Coaching “very smart” people
The more I Coach, the more it’s clear that there’s no getting around the need to take action, to do something other than what’s going on right now. Highly intelligent, underachievers are different, but they’re also just like everyone else in so many ways – something they might not always be thrilled to hear.
Underachievers have trouble connecting their cognitive style to their interactions with other people, the workplace, their own emotions, and the way the real world works.
Again, it’s the “just like the rest of us” part that’s mostly the problem, not the “different” part. The need for an identity, a place in the world, validation, meaningful work, colleagues, friends, and income is the same for almost everyone, and even those who, from the outside, seem to be very “different” are still mostly wired like the rest of us – highly emotional creatures, first and foremost, needing to find a comfortable, credible way of facing the world.
It’s very sad that someone’s own mental functioning can so often be a form of misery, avoidance, drifting, and isolation. Being highly intelligent should be a piece of wonderful good fortune, an asset to living one’s life well, and an absolute blast. Which is why my work with “very smart” people begins by focusing on strengths.
One of my approaches to coaching someone really smart is to go right at the obvious paradox that, the smarter you are, the more readily you realize how much you don’t know – truly. It’s the point about healthy humility as opposed to humiliation. Yes, it’s good to crunch information quickly, or be naturally creative, but, by now, most people come to know from experience how “way off” they can be (and have already been) – especially about things having to do with human beings.
That’s not negative, that’s positive, liberating emotional honesty.

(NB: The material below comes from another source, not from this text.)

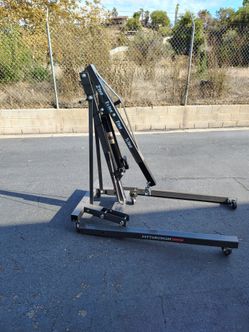 Engine hoist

If you’re truly smart, it’s about being curious about the world as well as trying to get it right, (whatever it is), not about being seen by others to be right.
Managing one’s own feelings is a task everyone – from “very smart” to mentally “challenged” – has to accomplish in order to navigate life well.
Frankly, working with smart people to become more productive and relaxed, combines two major threads important to me.
One is that under-achieving, smart people, even the ones with difficult personalities, can be in terrible anguish – whether they’re quite able to feel it or not – and they need help just like anyone else.
Plus, the world surely needs all the help it can get – especially from people who might, just possibly, be part of generating creative solutions.
Having our smartest people function on as many cylinders as possible is good for all of us.